Exhibit A in that regard is Britain’s Air Passenger Duty, which went up last year and is scheduled to increase again this fall. This fee varies based on the passenger’s class of service and destination; from London to New York, it is £45 in economy class and £60 in premium cabins, and will rise to £90 ($137) and £120 ($183), respectively, on Nov. 1.

“The Air Passenger Duty is supposedly an environmental tax, but all these taxes go into the treasury,” said Brian Pearce, chief economist for the International Air Transport Association, adding that France’s solidarity tax — 1 euro to 40 euros a passenger — meets a similarly murky end.

“We fear there are going to be more taxes coming down the road as governments look to reduce budget deficits,” he said. “It’s contagious.”

The United States is not immune to the bug. Congress just passed legislation that will charge foreigners, from about three dozen countries, who do not need visas $10 to enter the United States. The money will be used to promote travel to America, an idea that has been criticized abroad.

Kenneth J. Button, a professor of transportation policy at George Mason University, said airlines are vulnerable conduits for these types of taxes because air travel was once considered a luxury, creating the perception that passengers have deep pockets. And putting the fees on airline tickets, he said, makes them easier to collect.

Professor Button, who has done consulting work for the Air Transport Association, said the problem with many of these taxes is that there is little accountability on how the money is used, with airports, the T.S.A. and the F.A.A. all subject to criticism over wasteful or ineffective spending.

“I would argue these taxes are too high simply because there’s no incentive for providers to keep their costs low,” Professor Button said.
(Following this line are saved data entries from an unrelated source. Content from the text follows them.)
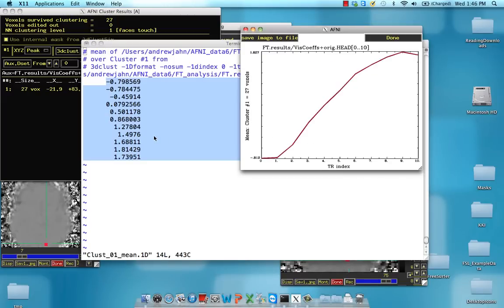So you can load these into Excel. You can do this across several subjects and then run appropriate statistics on that and make comparisons of different time points to other time points and see whether there are differences.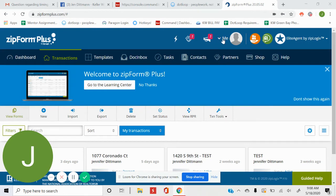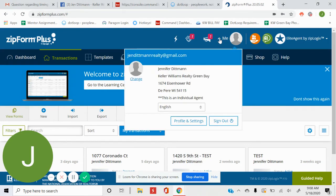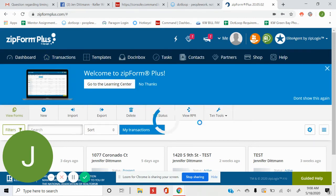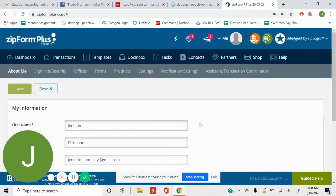If you click on this little arrow by me, this is your settings. This is where you can find all of your profile and settings information. So if we click on that, we are going to go to Settings up here at the top.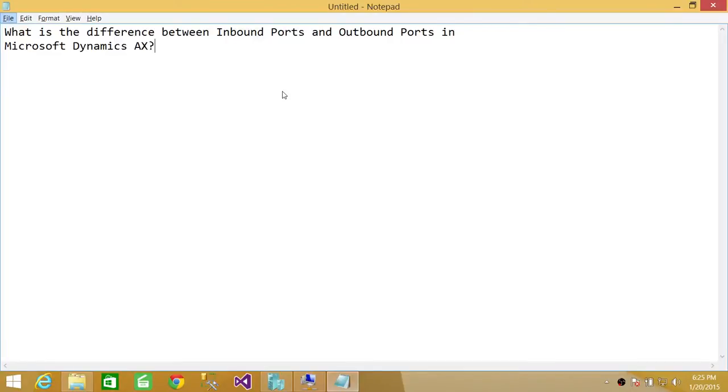Welcome to Tech Brothers. In this video, we're going to discuss what is the difference between inbound ports and outbound ports in Microsoft Dynamics AX.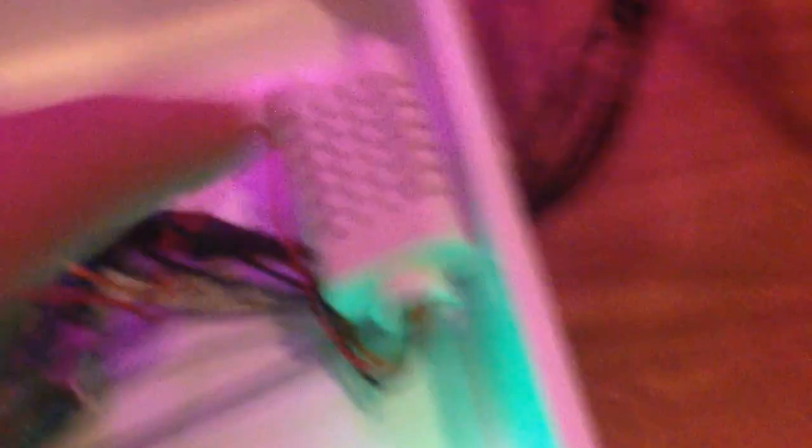Over here is a humidity and temperature sensor. Ideally this will be inside of the actual growing space, but I just haven't broken it out yet. But that's it.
But airport representatives counter that the $4.50 limit on the passenger facility charge has not increased since 2001 and that the money is used to build new runways, improve terminals, reduce noise and other projects — all of which go through a review process that includes the airlines.

“Ninety-five percent of the requests that go to the F.A.A. are done with the approval of the airlines,” said Jane Calderwood, vice president for government and political affairs at the Airports Council International-North America, which supports increasing the cap on the facility charge to $7.50 and indexing it for inflation.

Another objection to the current tax structure, raised by the National Business Travel Association, is that taxes and fees paid on nonrefundable tickets are not always refunded if a ticket is not used.

The group has asked the Government Accountability Office to investigate this issue, arguing that the government and airport authorities should refund the fees if a trip is canceled.

“Who’s responsible for getting those taxes back?” said Shane Downey, the business travel association’s director for public policy. “There’s talk that there’s quite a lot of money being lost.”